Bu ütopik listenin altına yorumumu yazdım, Yüce'de bu yorumu blogumda paylaşmamı önerdi.
"Zaman dilimi olarak içinde az bulunduğum pazarlama-iletişim camiasını düşündüm ve genç bir iletişimci olarak soruyorum;
İyi sunum yapmak... Kaç pazarlamacı-iletişimci gerçekten iyi sunum becerilerine sahip?
Okumak... Kaç pazarlamacı bilgilerini taze tutmaya çalışıyor, bildiklerini yeniden hatırlıyor?
İsmi google'landığında nitelikli sonuçlara ulaşılması... Kaç pazarlamacı "online community evangelist"lik yapıyor?
Blog yazması-okuması... Yok canım!
Ayaküstü sohbetlerin ustası olması... Kaç pazarlamacı etrafındakilerle doğru dürüst iletişim kurabiliyor?
Benim gördüğüm kadarıyla bizim pazarlamacı-iletişimcilerimiz iyi sunumu, uzun yazıları madde haline getirip toparlamakla tanımlıyor.
Okumaya "bullshit" diyor. Ajanslarda kitaplara gülünüp geçiliyor, kurumsalda ise "sen toysun kitap okumaya devam et" deniyor.

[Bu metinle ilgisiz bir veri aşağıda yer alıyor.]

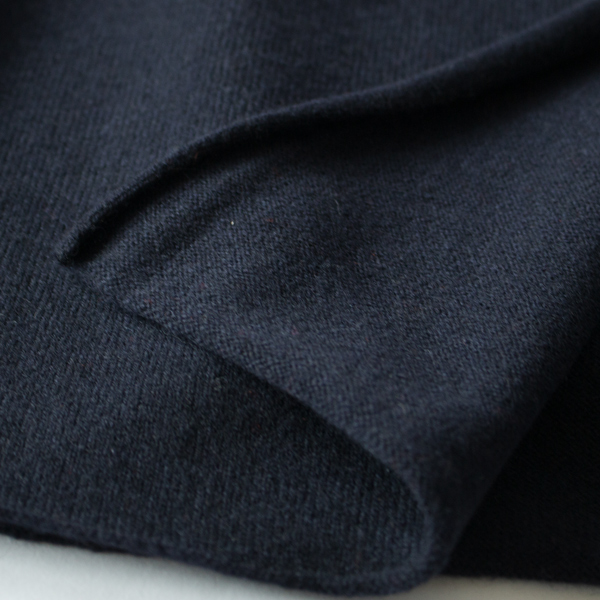巻いた時に動きが出るよう、マフラーの端がくるんとしているのもポイント(NAVY) 巻いた時に動きが出るよう、マフラーの端がくるんとしているのもポイント(NAVY)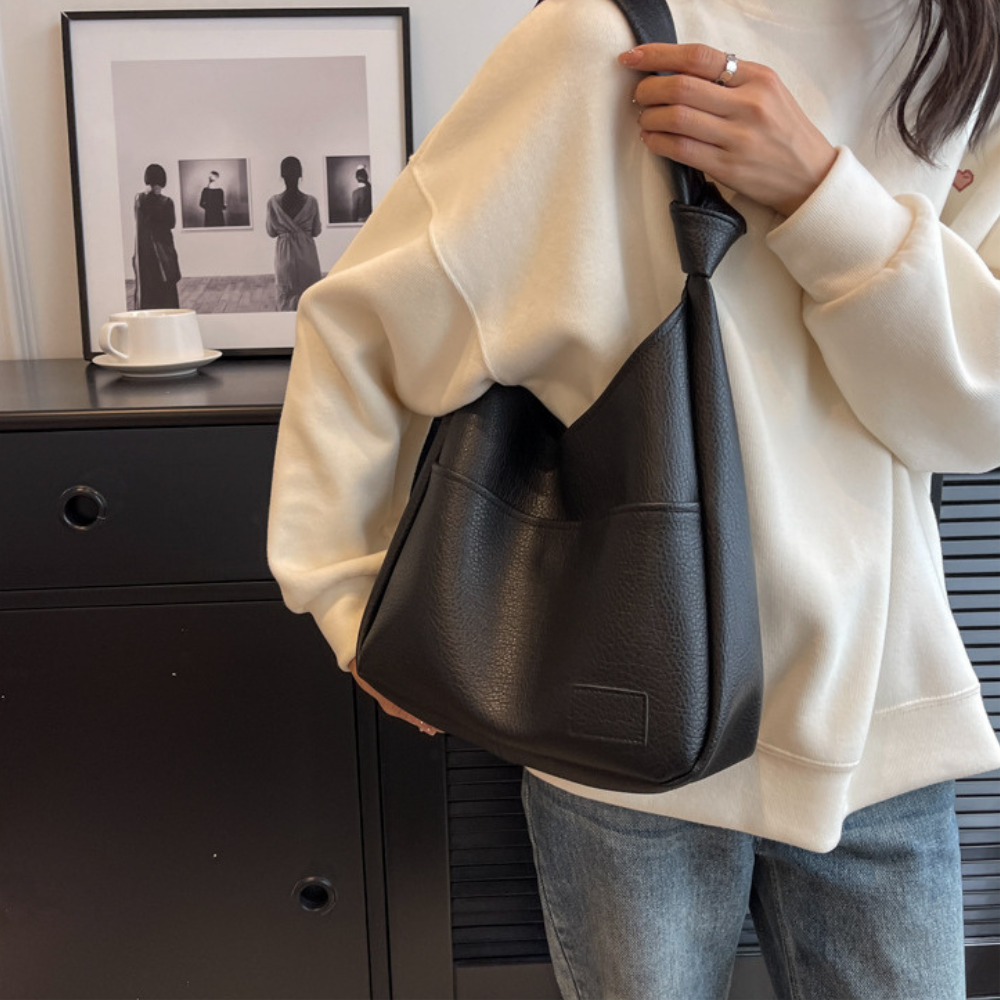 Nava | Hobo Bag - By Qivii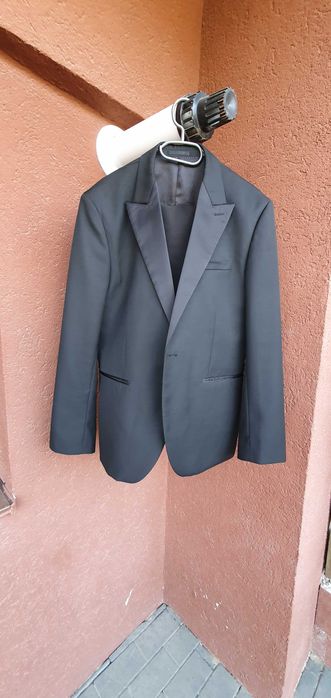 vând costum bărbați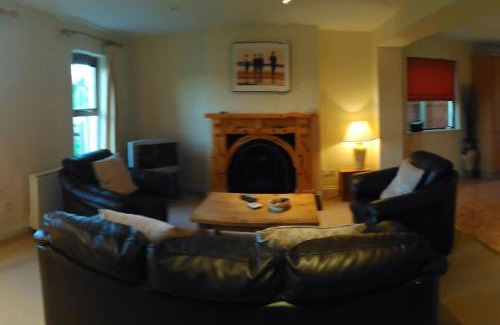 Kenmare House | Tranquil sea view in Kenmare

Trend takibi mi? Daha neler!
İsmi google'landığında sonuç çıkmaması çok normal. İnternet'te neymiş? Facebook'tan ve MSN'den ibaret bir oyuncak.

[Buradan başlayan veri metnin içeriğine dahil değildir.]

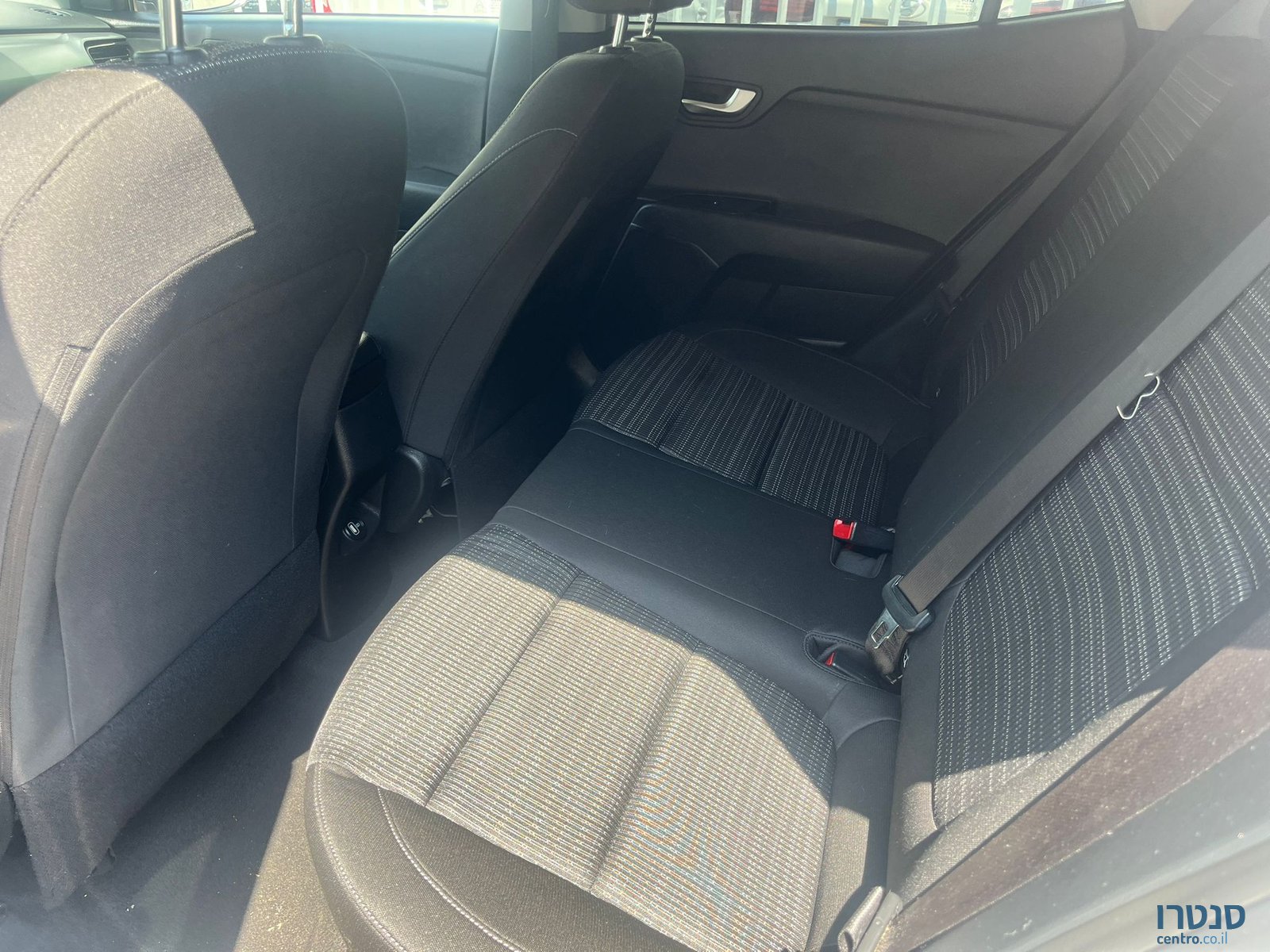 2022' Kia Stonic photo #3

Blog okuması-yazması da nerden çıktı? Akşama Şamdan'da parti var adamım, vakit ayıramam böyle şeylere!
En ölümcül günah ise şu sohbeti becerememe konusu. Sorumlusu olan unsur, yukarıdaki olumsuzlukların hepsinde bulunuyor bana göre; Kibir.
Pazarlamacılarımız-iletişimcilerimiz o acaip kibirlerinden kurtulabilseler, insanlarla diyaloğa girmekten çekinmeseler, başarısızlıklarından ders alabilseler... Belki o zaman iyi bir pazarlamacı, iyi bir iletişimci olabilirler.
Geri kalanı kendiliğinden olacaktır..."
Benim mevcut durum görüşüm budur. Daha tecrübeli (ya da tecrübesiz!) olup ekleme yapmak isteyen var mı?